[Dataset excerpts — start]
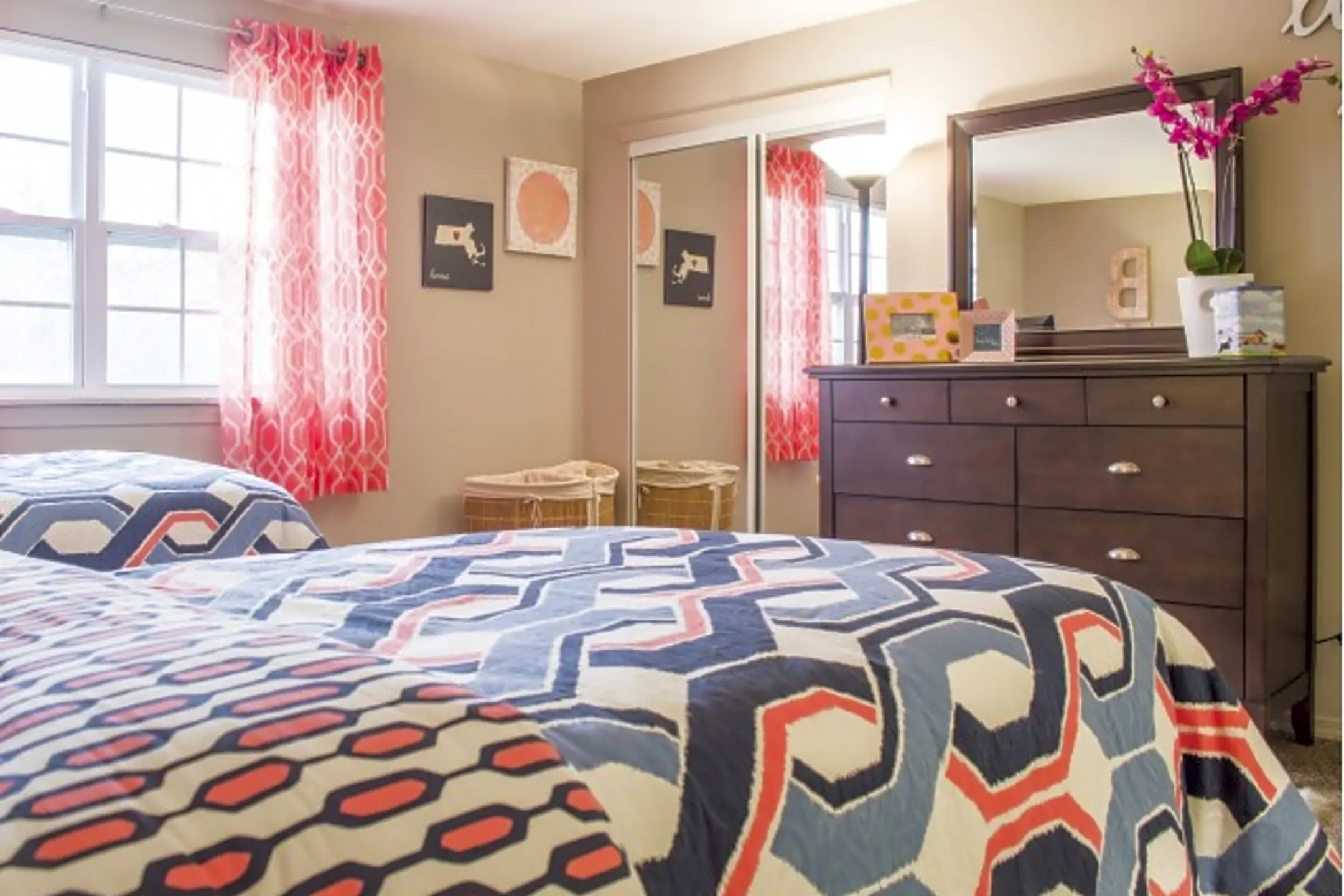 Carriage House Apartments Storrs, CT 06268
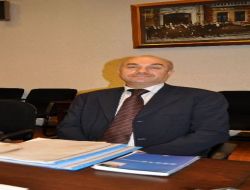 Antakya'da 5 Bin 400 Dönüm Alan Osb'ye Bağlanacak
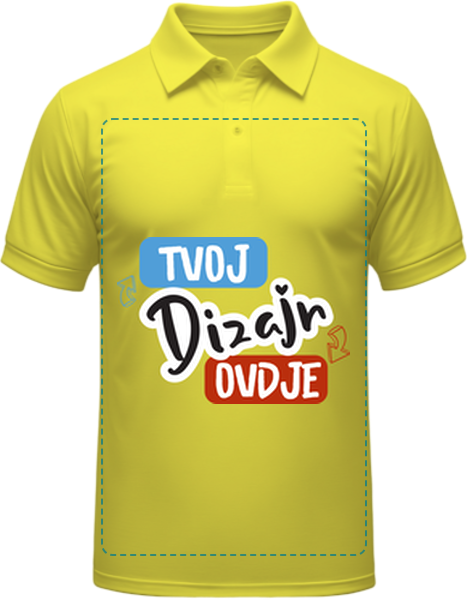 Solarno Žuta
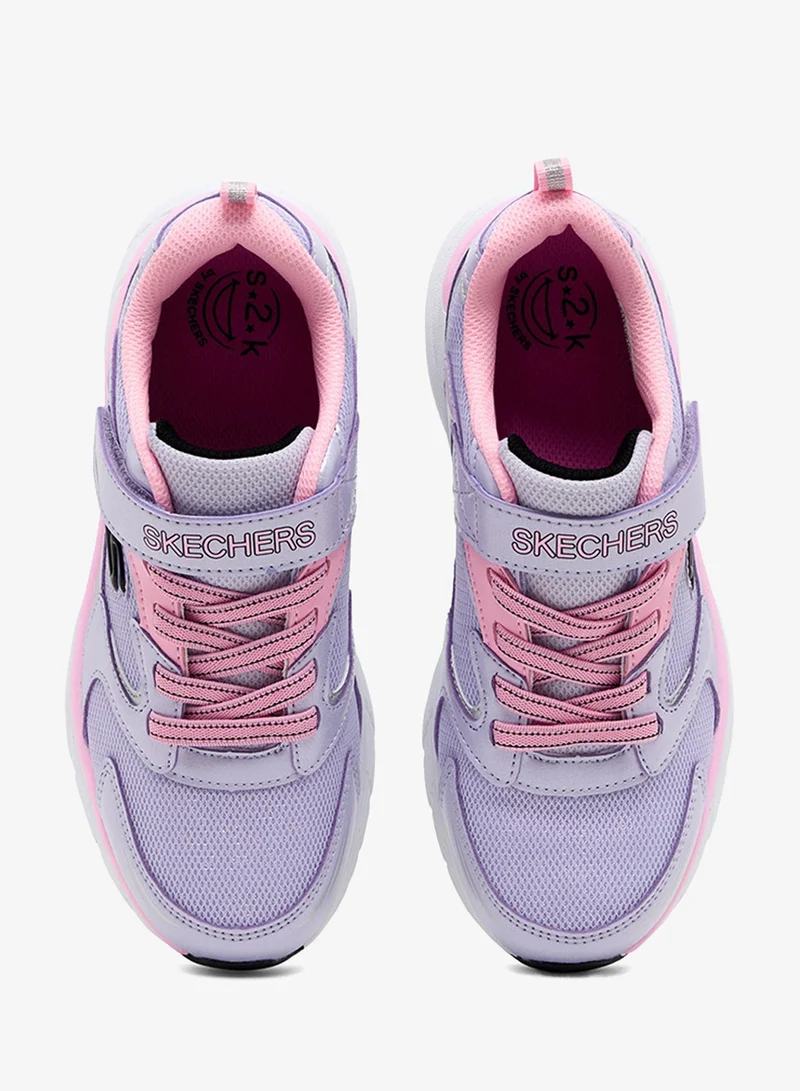 SKECHERS Kids Vintage Tread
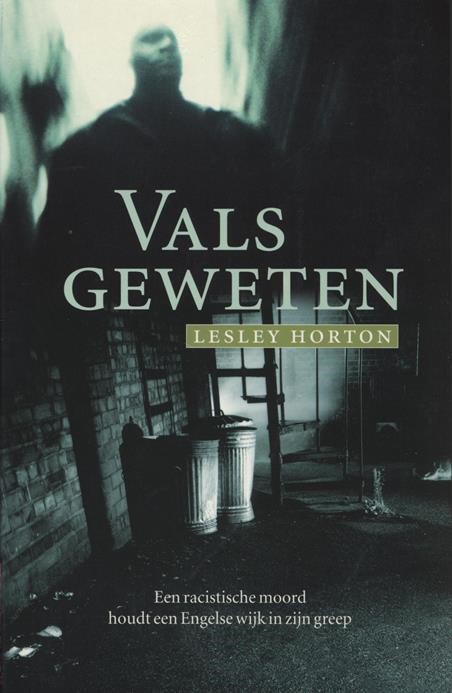 Vals geweten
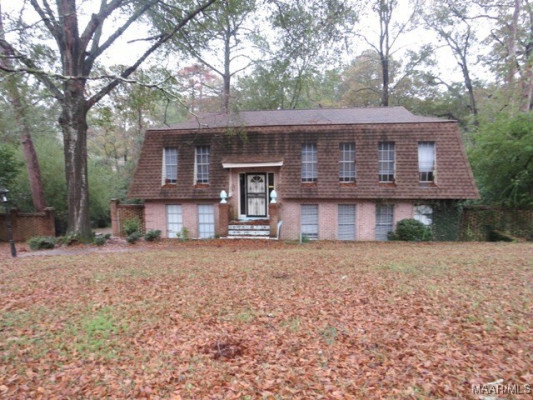 354 Holly Ridge Drive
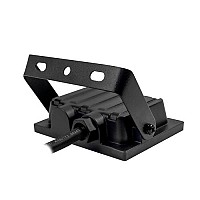Modee Lighting LED Προβολέας E-series Slim 10W 120° 4000K 800lm ERP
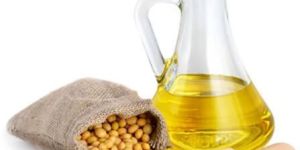 Refined Soybean Oil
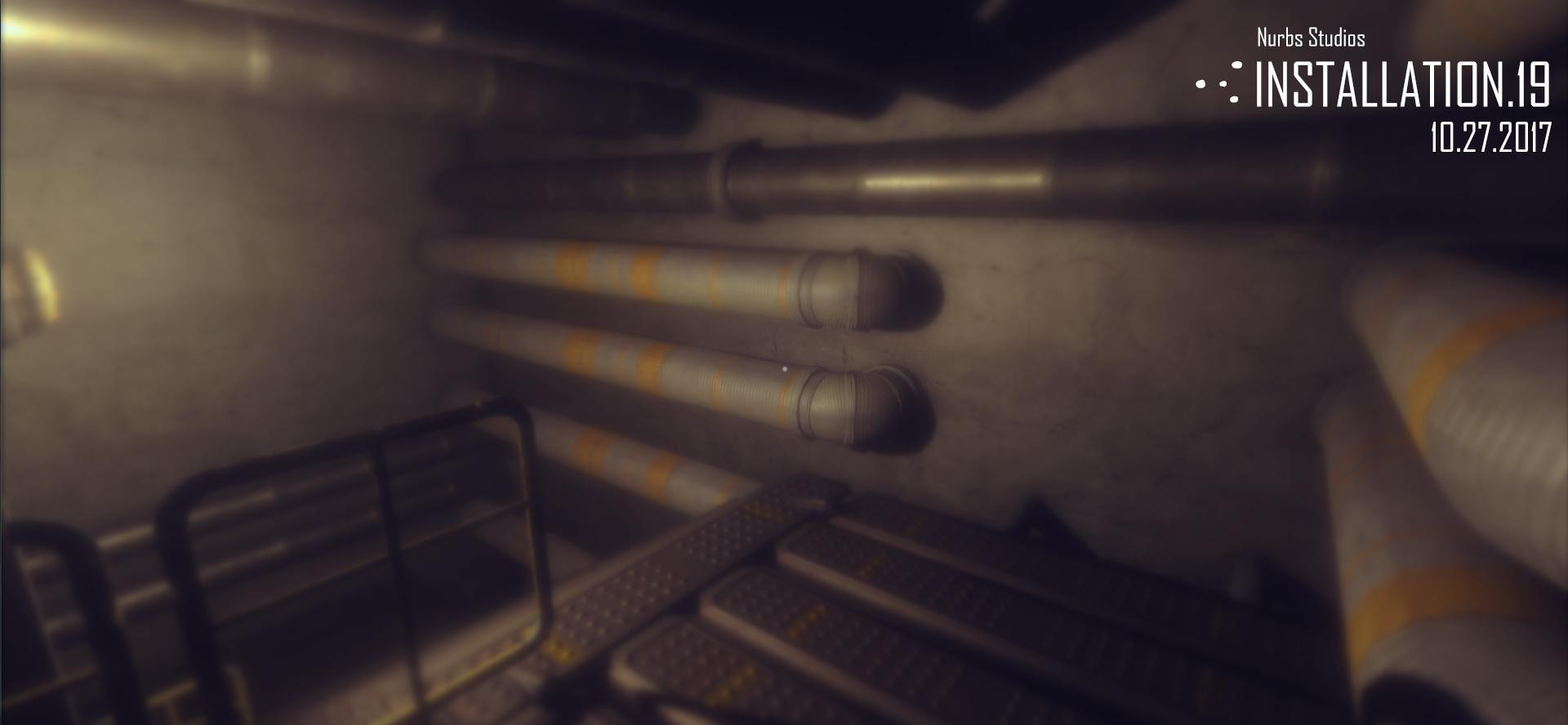 Installation 19 (itch) - кадр 9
[Dataset excerpts — finish]
▸ Instructions for the task:
With pictures left out, repeat exactly the lines from the one containing "Vals geweten" through the last line of the data above, inclusive, and nothing else.

▸ Response below:
 Vals geweten
 354 Holly Ridge Drive
Modee Lighting LED Προβολέας E-series Slim 10W 120° 4000K 800lm ERP
 Refined Soybean Oil
 Installation 19 (itch) - кадр 9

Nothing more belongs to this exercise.